As commodities weigh on the FTSE 100, what next for 2015?

If you believe in the theory that commodity price demand points to economic growth and a healthy economy then the last two years have served to blow a rather large hole in that theory.

In fact looking at commodity prices over the last two to three years, while equity markets have gone higher, commodity prices have done the exact opposite.

It’s therefore not that surprising that there is so little underlying price inflation in the world when we’ve seen widespread declines in commodity prices across the board, as well as a sharp decline in Crude Oil prices, in the last six months.

Having said that given the sharp rises seen since 2009 in commodity prices, these falls are more than welcome at a time when we haven’t seen much in the way of wage growth, so in essence what we’ve seen in the last few months is simply a reversal of the income squeeze seen since 2009.

In my opinion that’s not a bad thing and is likely to act as a fiscal stimulus all by itself, in terms of lower input prices for companies and lower shop prices for consumers.

While it’s not such good news for the basic resource sector it will likely make the sector much leaner in terms of cutting its costs, and for when prices start to tick upwards again.

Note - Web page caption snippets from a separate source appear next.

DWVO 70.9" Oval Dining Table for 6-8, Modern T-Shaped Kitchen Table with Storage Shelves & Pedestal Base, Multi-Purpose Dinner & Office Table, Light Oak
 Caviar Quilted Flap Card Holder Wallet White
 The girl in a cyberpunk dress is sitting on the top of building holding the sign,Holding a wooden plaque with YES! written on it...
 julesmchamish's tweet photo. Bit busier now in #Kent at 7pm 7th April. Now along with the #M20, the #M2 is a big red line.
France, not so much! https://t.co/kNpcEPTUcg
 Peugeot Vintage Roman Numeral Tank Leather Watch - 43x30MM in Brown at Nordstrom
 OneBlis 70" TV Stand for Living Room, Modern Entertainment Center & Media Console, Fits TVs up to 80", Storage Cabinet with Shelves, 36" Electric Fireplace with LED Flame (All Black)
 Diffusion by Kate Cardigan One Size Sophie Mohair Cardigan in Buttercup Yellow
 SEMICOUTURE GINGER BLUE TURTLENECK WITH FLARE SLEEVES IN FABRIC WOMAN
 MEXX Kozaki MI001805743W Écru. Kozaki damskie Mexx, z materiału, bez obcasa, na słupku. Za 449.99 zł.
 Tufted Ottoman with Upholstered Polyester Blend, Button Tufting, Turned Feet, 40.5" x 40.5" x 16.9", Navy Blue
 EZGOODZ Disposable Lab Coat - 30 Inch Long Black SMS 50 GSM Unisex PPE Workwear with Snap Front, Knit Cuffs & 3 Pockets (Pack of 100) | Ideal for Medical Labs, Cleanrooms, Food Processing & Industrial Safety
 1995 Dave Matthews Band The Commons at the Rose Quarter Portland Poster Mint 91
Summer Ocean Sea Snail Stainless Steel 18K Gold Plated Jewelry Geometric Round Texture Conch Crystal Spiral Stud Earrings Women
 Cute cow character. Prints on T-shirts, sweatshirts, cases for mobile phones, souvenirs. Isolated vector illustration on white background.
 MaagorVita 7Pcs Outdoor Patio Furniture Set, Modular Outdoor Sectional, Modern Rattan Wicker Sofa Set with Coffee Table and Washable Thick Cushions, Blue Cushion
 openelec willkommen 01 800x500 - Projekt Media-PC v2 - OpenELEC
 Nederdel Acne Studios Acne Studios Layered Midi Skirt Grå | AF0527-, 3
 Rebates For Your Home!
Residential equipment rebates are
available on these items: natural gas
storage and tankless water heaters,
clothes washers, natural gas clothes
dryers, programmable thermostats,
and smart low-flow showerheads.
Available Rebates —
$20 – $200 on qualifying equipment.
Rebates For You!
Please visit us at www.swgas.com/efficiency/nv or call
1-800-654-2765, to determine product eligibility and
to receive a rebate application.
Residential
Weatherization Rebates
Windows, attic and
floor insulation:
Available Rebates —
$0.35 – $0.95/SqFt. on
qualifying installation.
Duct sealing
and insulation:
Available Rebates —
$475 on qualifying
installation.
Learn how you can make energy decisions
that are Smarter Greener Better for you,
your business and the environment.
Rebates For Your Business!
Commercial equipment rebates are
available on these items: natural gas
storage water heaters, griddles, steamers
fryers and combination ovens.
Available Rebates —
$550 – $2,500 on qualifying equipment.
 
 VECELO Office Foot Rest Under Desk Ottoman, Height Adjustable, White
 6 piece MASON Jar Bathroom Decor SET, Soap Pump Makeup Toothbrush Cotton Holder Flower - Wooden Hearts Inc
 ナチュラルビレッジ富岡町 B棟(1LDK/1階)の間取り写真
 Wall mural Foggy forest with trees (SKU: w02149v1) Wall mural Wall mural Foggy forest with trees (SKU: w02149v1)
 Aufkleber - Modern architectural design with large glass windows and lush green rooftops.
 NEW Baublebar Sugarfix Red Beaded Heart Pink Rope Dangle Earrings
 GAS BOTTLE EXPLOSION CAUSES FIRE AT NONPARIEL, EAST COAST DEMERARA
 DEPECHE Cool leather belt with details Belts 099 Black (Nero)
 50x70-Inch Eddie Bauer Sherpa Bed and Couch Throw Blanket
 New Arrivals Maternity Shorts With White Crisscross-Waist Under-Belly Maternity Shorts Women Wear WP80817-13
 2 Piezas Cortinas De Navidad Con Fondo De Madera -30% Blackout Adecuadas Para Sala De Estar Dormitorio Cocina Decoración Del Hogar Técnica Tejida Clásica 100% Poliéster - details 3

The poor performance of commodity prices also helps explain the poor performance of the basic resource sector over the past 12 months and the fact that the FTSE100 and the Australia ASX have underperformed a lot of their global peers in terms of stock market performance this year, due to the heavy weighting of both indices to the commodity sector.

The Reuters CRB benchmark index of commodity prices is trading below five year lows, down 15% on the year, and nearly 35% down from its 2011 all-time highs.